» Exercise data
++++++++

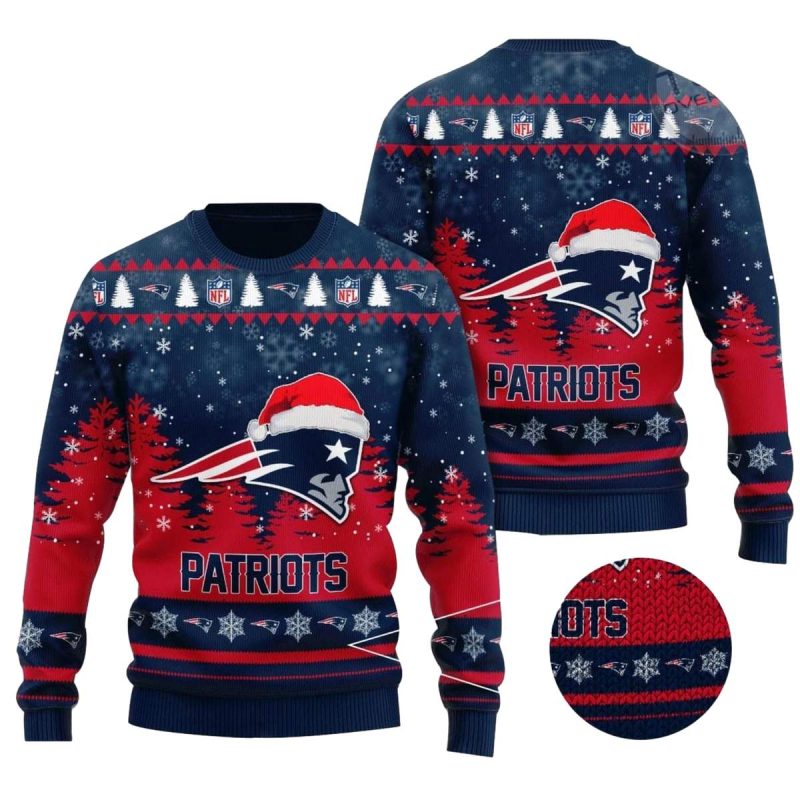 New England Patriots Logo Wearing Santa Hat Ugly Sweater 1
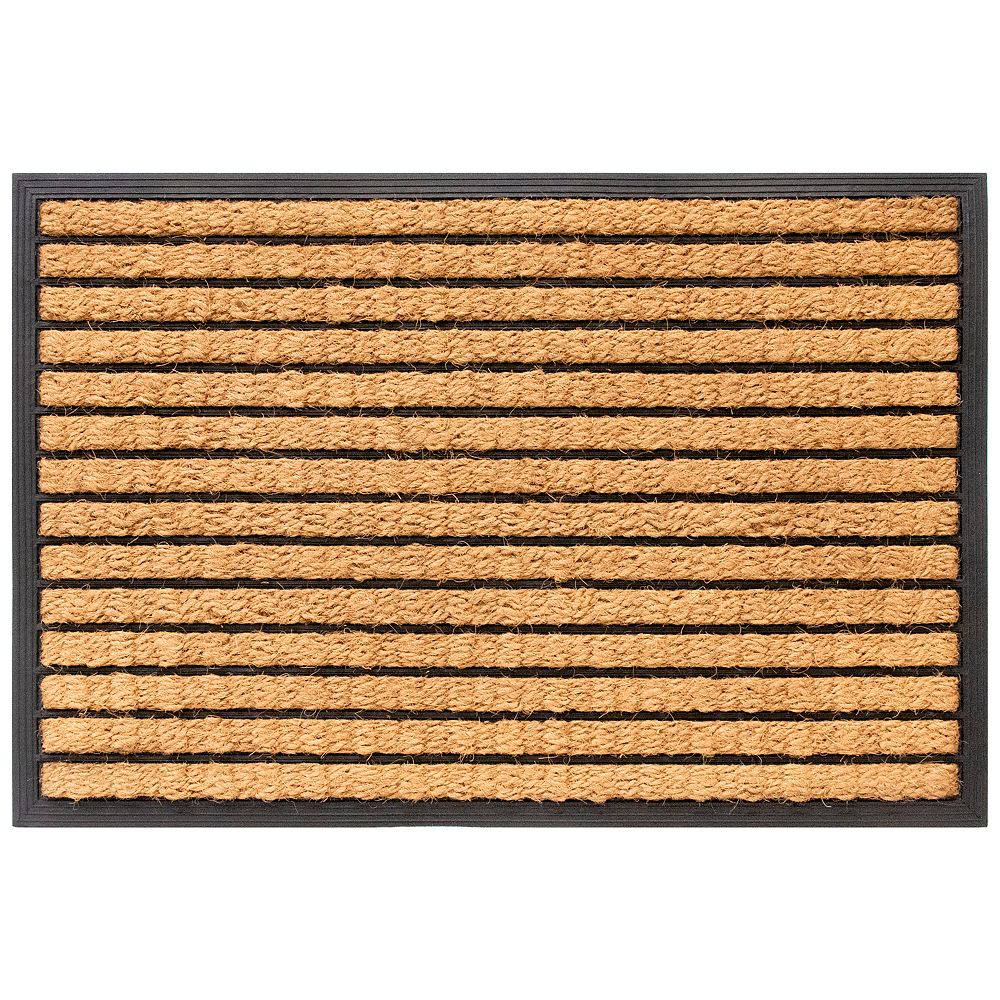 Multy Home 2 Ft X 3 Heavy Duty Coir Rectangular Stripes Mat The Depot Canada Coir Rectangular Stripes Mat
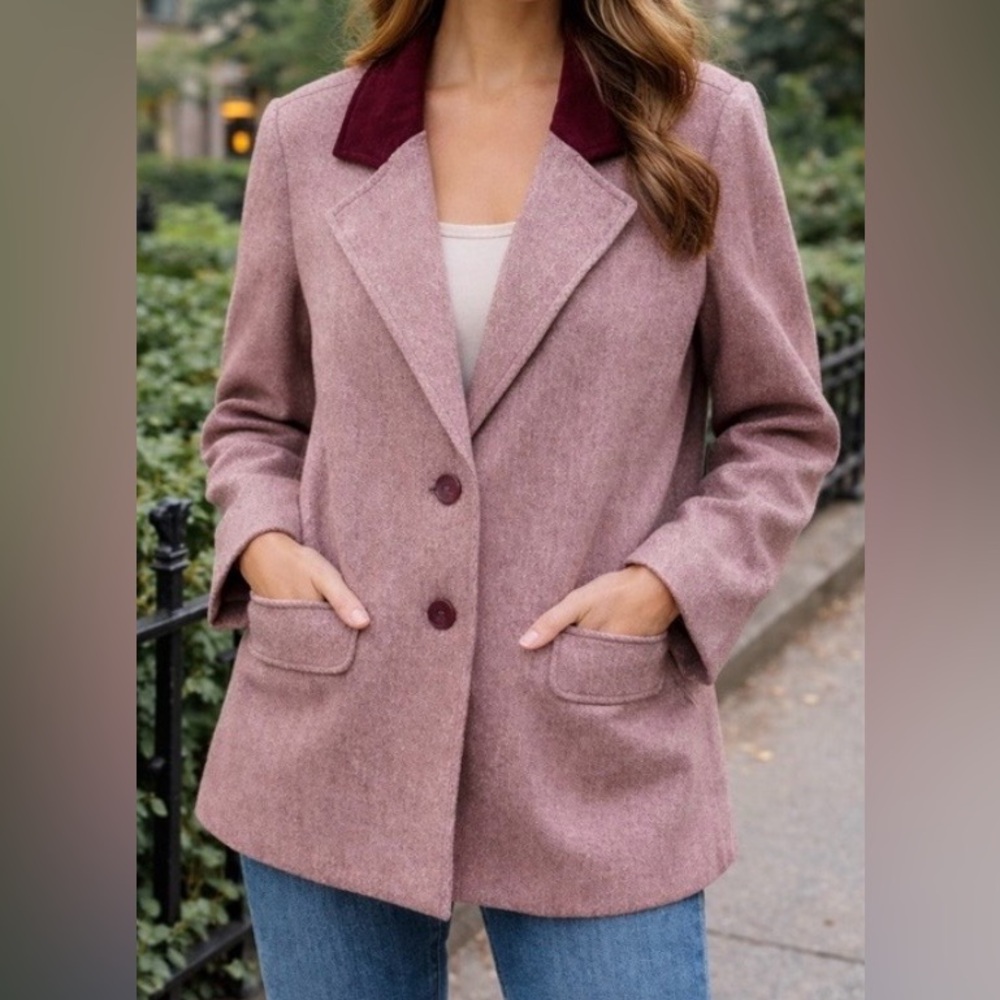 NYCC Women’s pink wool-Blend Coat with burgundy collar- size M - New with Tags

++++++++

» Task details
Output all the material exactly. The pictures are to be left out.

» Expected answer
 New England Patriots Logo Wearing Santa Hat Ugly Sweater 1
 Multy Home 2 Ft X 3 Heavy Duty Coir Rectangular Stripes Mat The Depot Canada Coir Rectangular Stripes Mat
 NYCC Women’s pink wool-Blend Coat with burgundy collar- size M - New with Tags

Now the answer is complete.